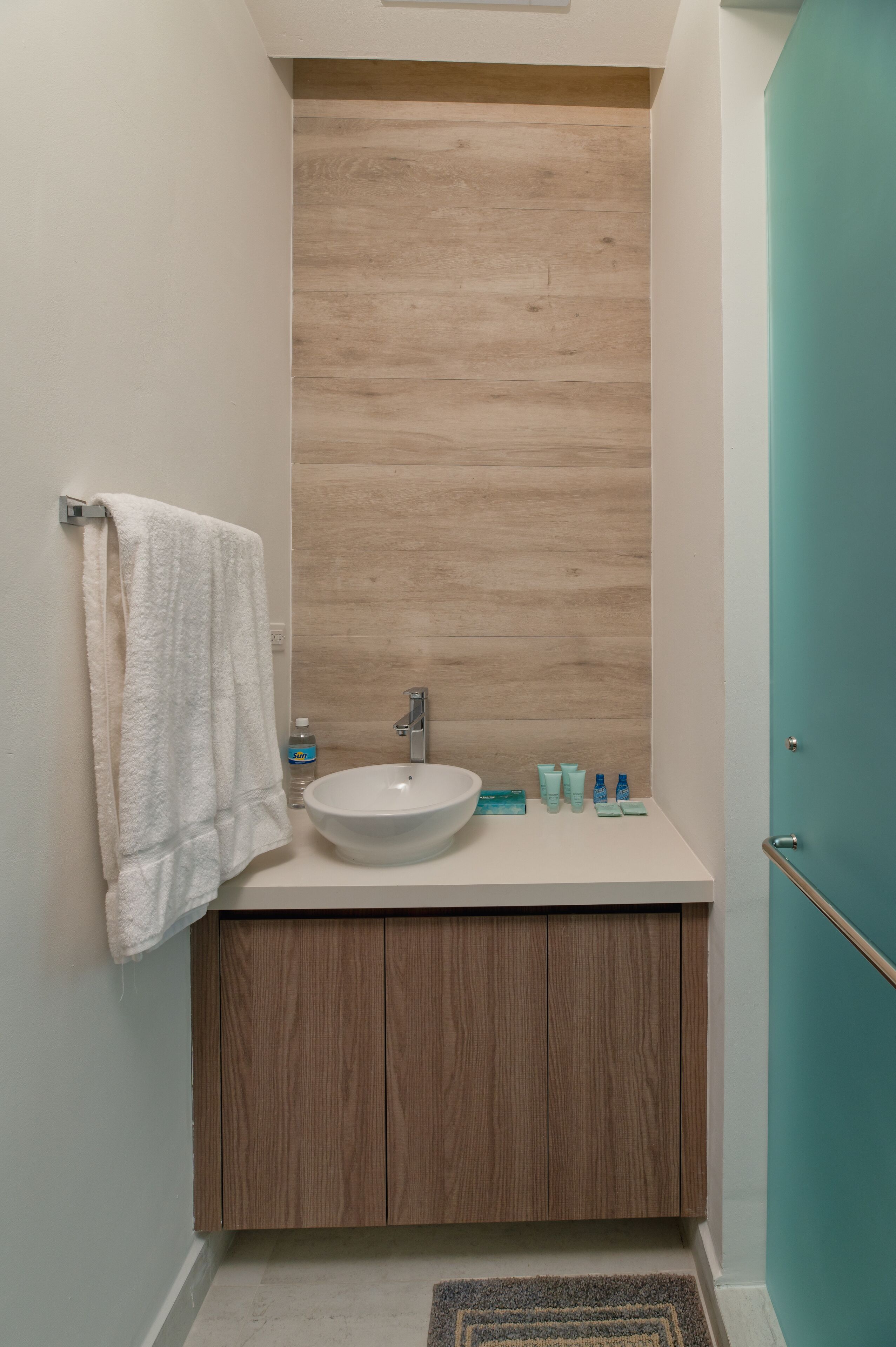 A bathroom with a white sink, wooden vanity, and a teal door.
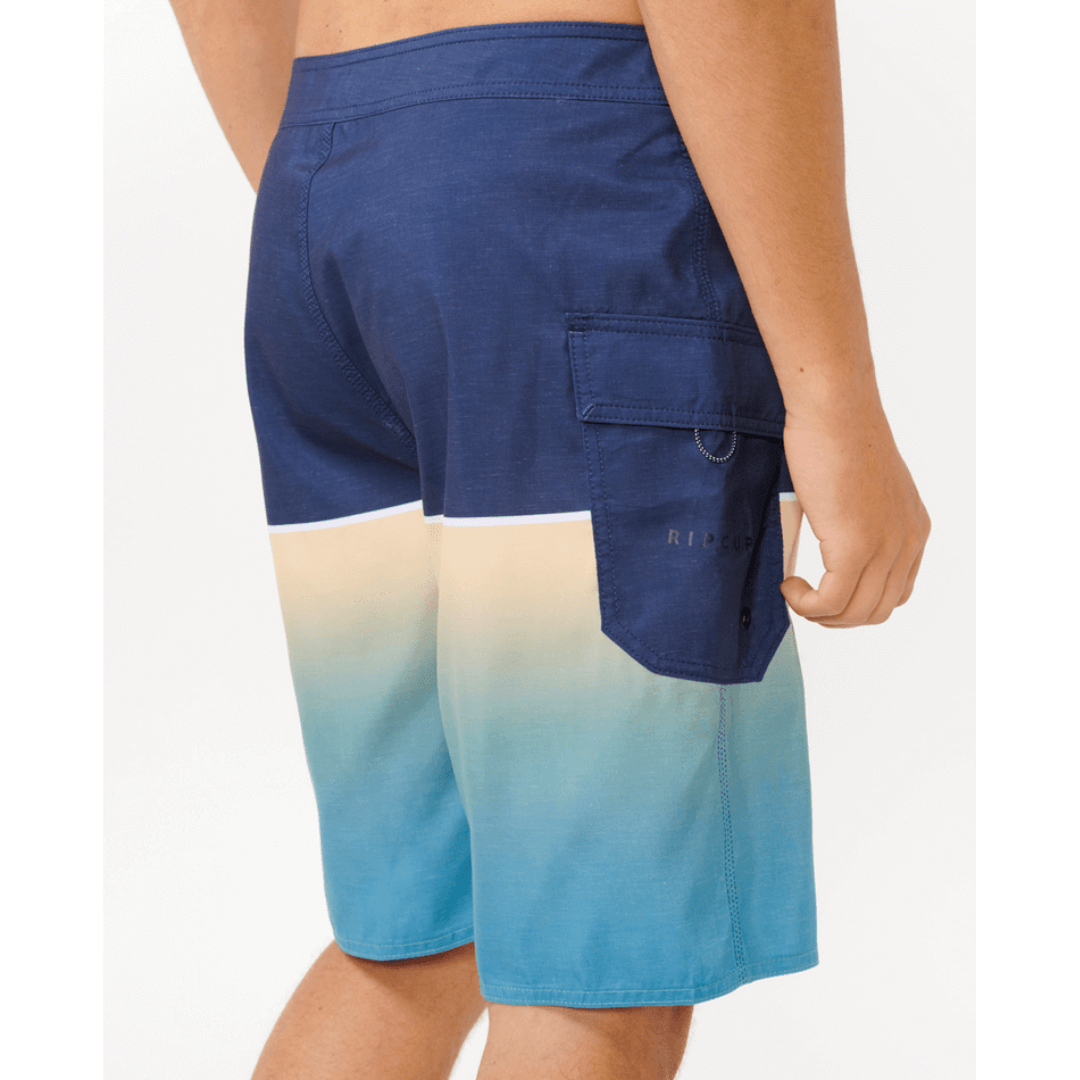 Stewart's Menswear Rip Curl Dawn Patrol Boardshorts. Navy top half with gradient blue bottom half. Photo shows close up side/back view of model wearing Rip Curl Dawn Patrol boardshorts. Colour is called Ocean.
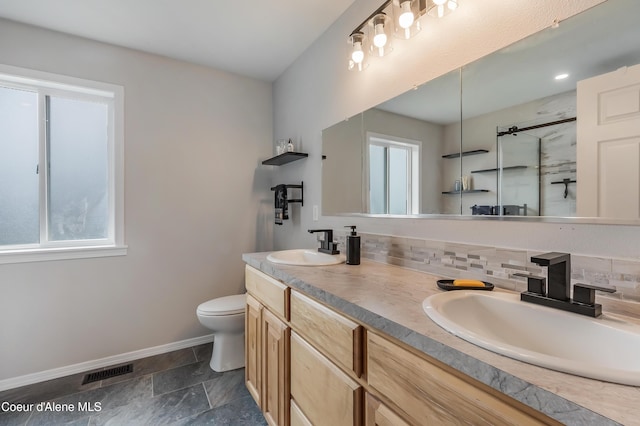 222 E Remington Rd, Athol, ID 83801 - bathroom with baseboards, a stall shower, toilet, tasteful backsplash, and double vanity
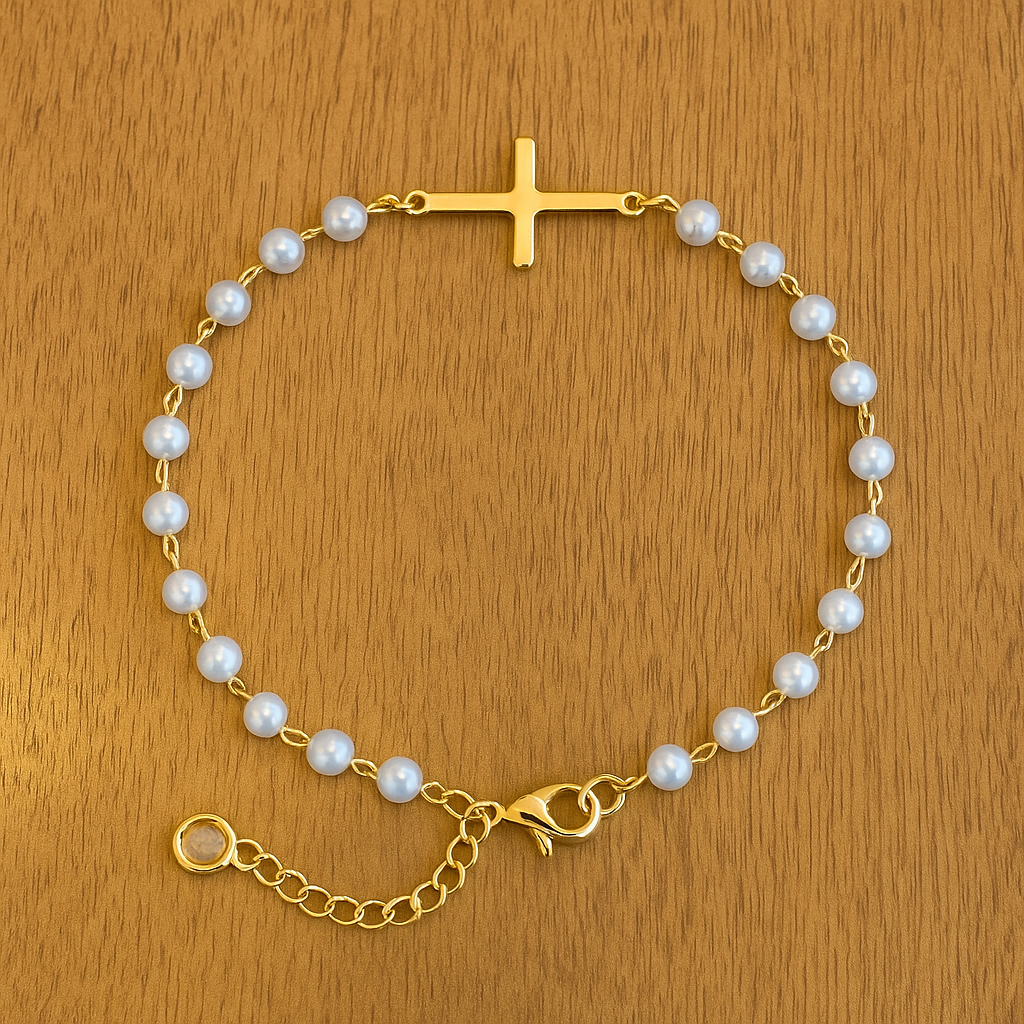 Gold Cross Pearl Bracelet/Anklet on a wooden surface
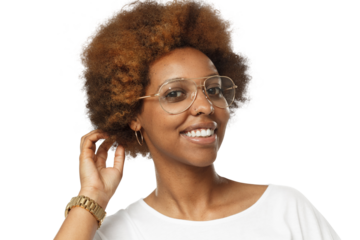 Smiling african american woman wearing glasses, touching her afro hair and looking at camera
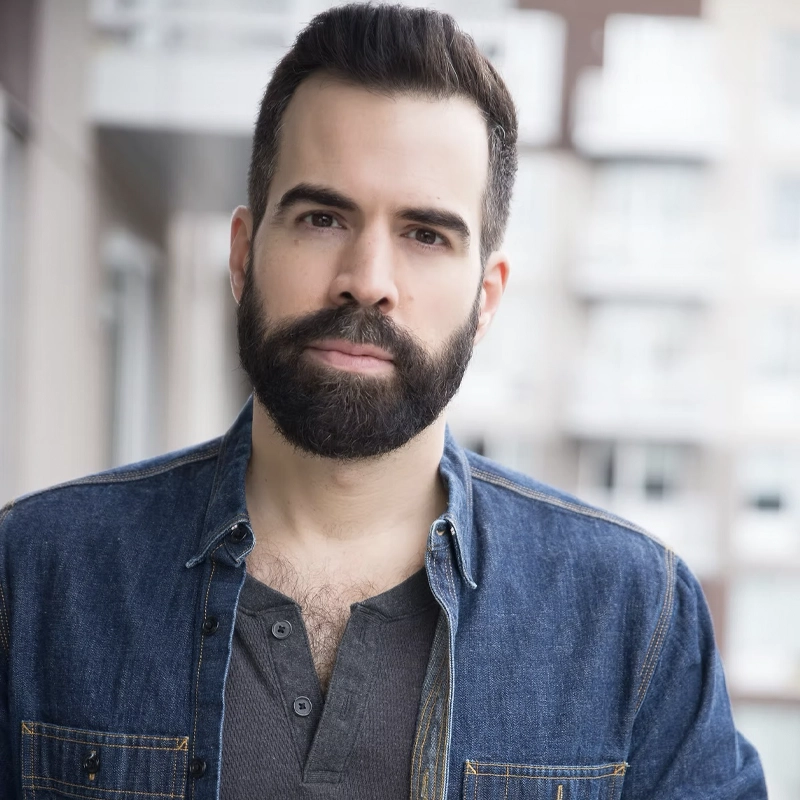 Christopher DeProphetis, a man with dark hair and a full beard, stands on a balcony in a denim shirt over a buttoned grey undershirt. He looks directly at the camera with a slight smile; behind him are blurred modern apartment buildings.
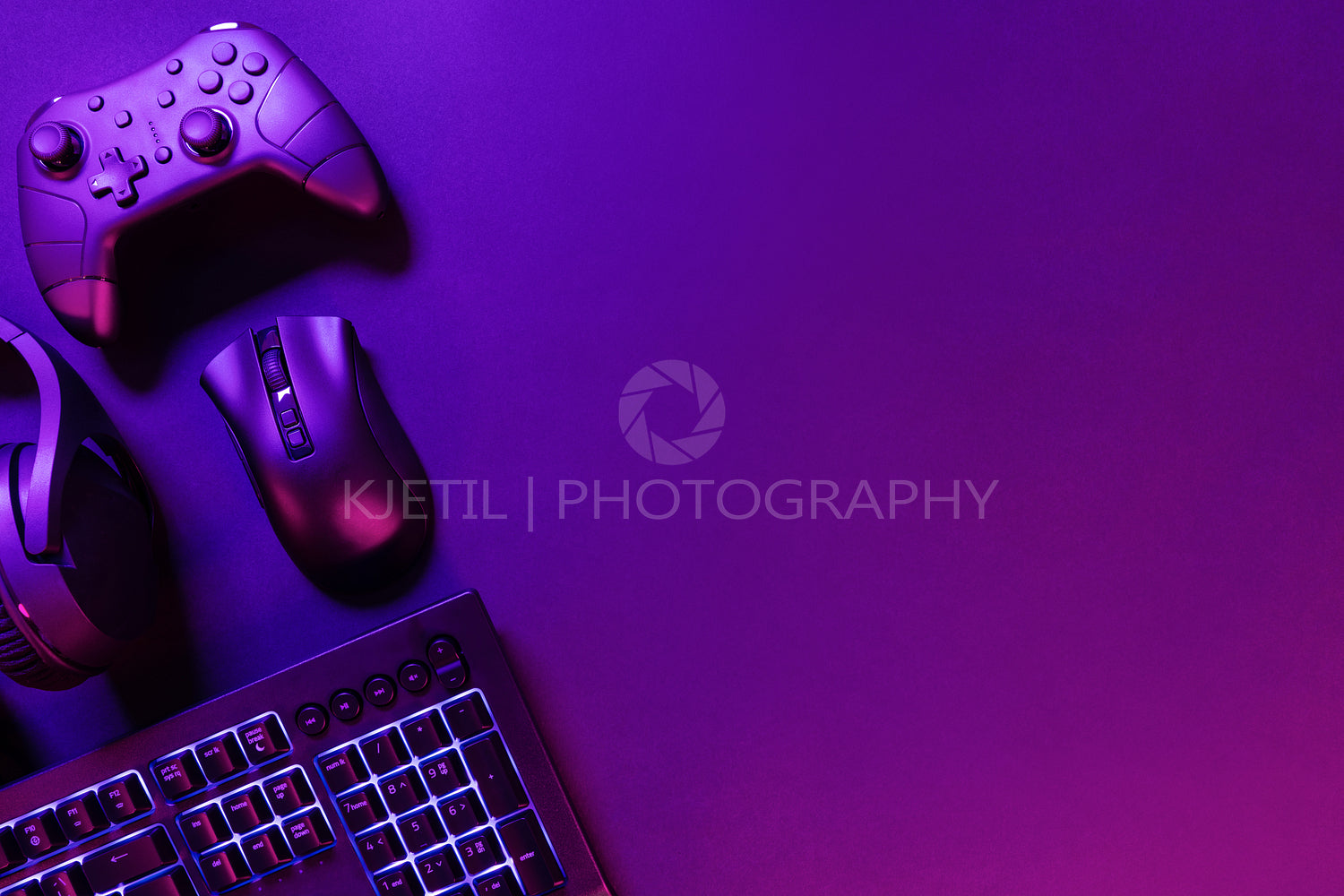 Gaming gadgets on illuminated purple desk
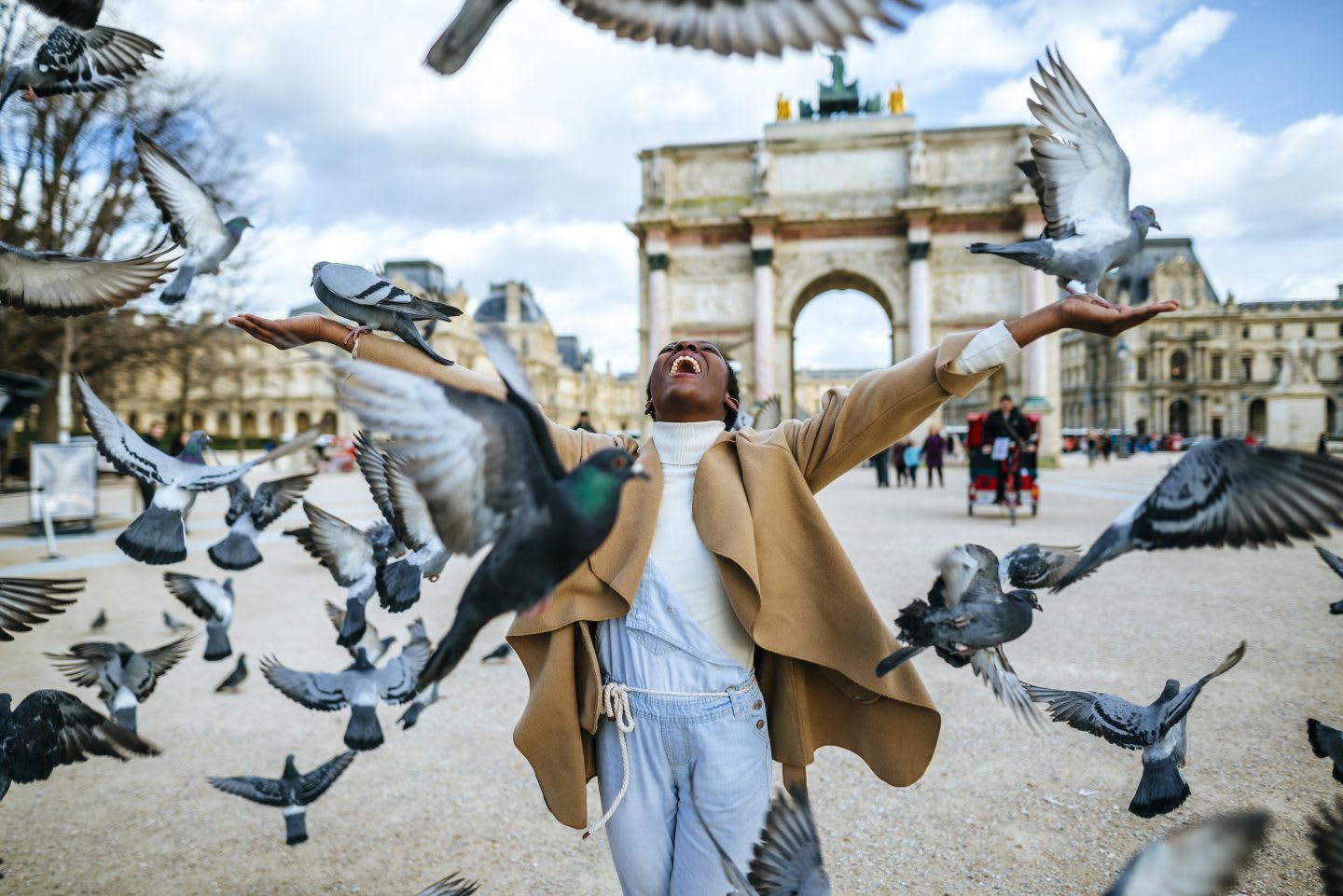 woman celebrating with doves flying around her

TO DO:
Give again, word for word, only the lines from the one with "Gold Cross Pearl" through the last line of the entries, both included; no pictures go in the copy.

RESULT BELOW:
 Gold Cross Pearl Bracelet/Anklet on a wooden surface
 Smiling african american woman wearing glasses, touching her afro hair and looking at camera
 Christopher DeProphetis, a man with dark hair and a full beard, stands on a balcony in a denim shirt over a buttoned grey undershirt. He looks directly at the camera with a slight smile; behind him are blurred modern apartment buildings.
 Gaming gadgets on illuminated purple desk
 woman celebrating with doves flying around her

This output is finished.